Fisher has also been criticized for trading star players when their contracts are nearing their expiration, such as Matt Chapman, Chris Bassitt, and Sean Murphy, rather than paying them.


Thus, the Athletics have the lowest payroll in baseball and will be playing in a Minor League stadium, starting next season.


Saving the best for last, the Pittsburgh Pirates, who currently own the second lowest payroll in baseball, I don’t even know where to start here.


Team owner Bob Nutting has often been regarded as complacent and not one who spends money, in terms of improving the roster. In fact, many believe that the team has been complacent under his tenure as owner.


Following the 2019 season, Nutting and the Pirates embarked on a full rebuild, parting ways with general manager Neal Huntington and manager Clint Hurdle. Replacing them were Ben Cherington and Derek Shelton.


Since the duo of Cherington and Shelton took over, the Pirates have totaled a 295-413 record, one that would lead to firings of both men, in most situations.


Instead, Nutting retained Cherington and Shelton both, showing that saving money is more important than winning.


In fact, Nutting and the Pirates faced a situation this year where their decision-making with money was criticized. First Baseman Rowdy Tellez, a fan favorite, was designated for assignment with just six games to go. More importantly, Tellez was just four at-bats short of earning a $200,000 bonus, which further strengthened the claim that the Pirates have made recent decisions based on saving money, and not building a competitive team.

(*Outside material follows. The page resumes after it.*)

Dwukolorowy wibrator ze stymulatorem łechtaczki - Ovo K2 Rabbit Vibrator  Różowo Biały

The Pirates were 73-83 and eliminated from the postseason picture at the time of Tellez’s release.


The economics of baseball differ from the three other sports, and that limits the amount of parody throughout the league. Commissioner Manfred needs to look at taking significant steps in order to hold owners who fail to spend an adequate amount to be competitive, and who simply just don’t care about winning accountable.

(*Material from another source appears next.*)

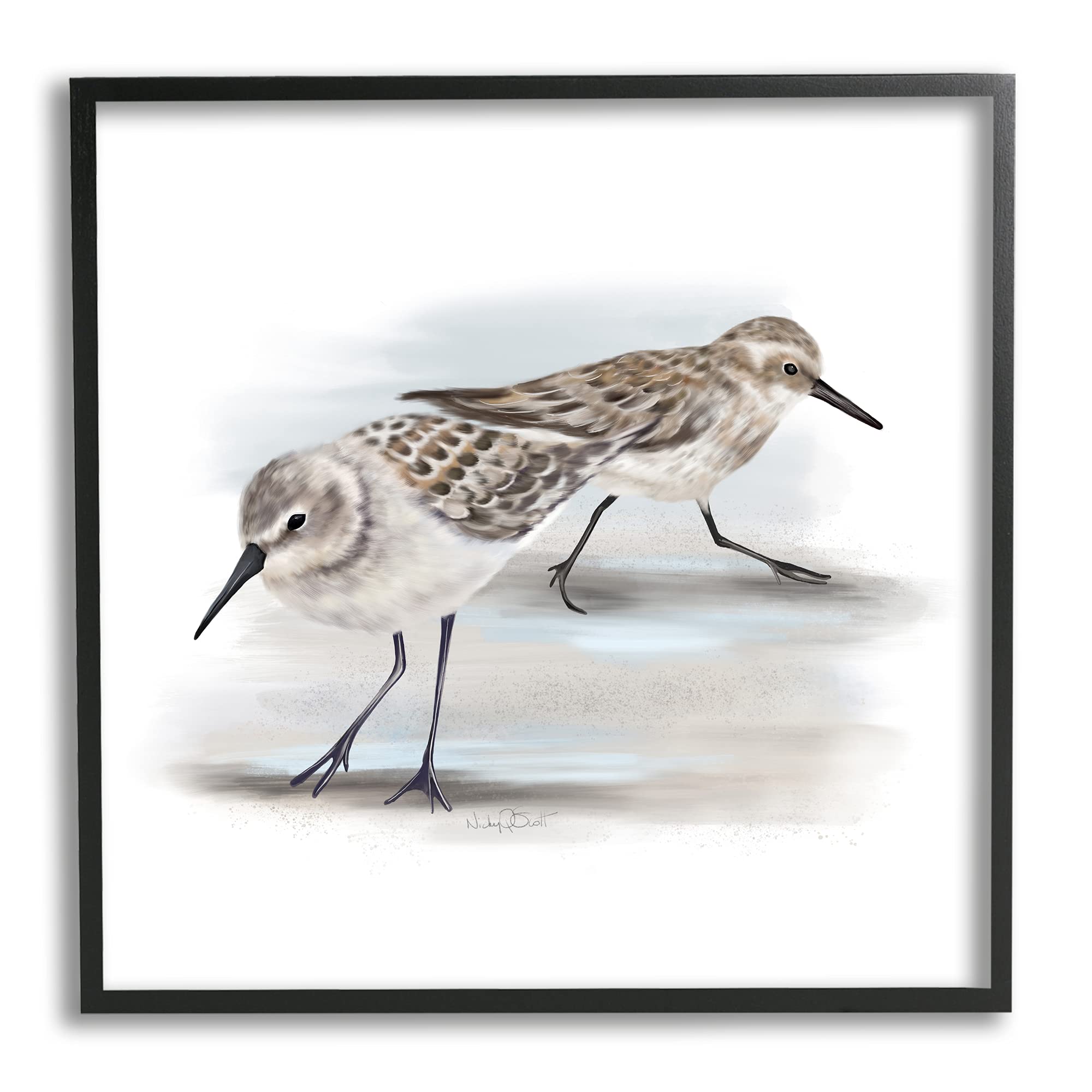 Stupell Industries Sandpiper Pair on Sandy Beach Small Nautical Birds, Designed by Studio Q Black Framed Wall Art, 17 x 17, Grey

Ultimately though, I feel that having both a locker room that connects well with each other that values good comradery and having an owner/front office that is willing to spend money, in order to bring top-end talent to the organization help make an organization good. The teams in baseball that win championships have both, and if you want to be elite, you must have both. They truly do complement each other like ketchup and mustard.


Until then, the economics of Major League Baseball will be problematic, leading to a continuing decline of interest in the game.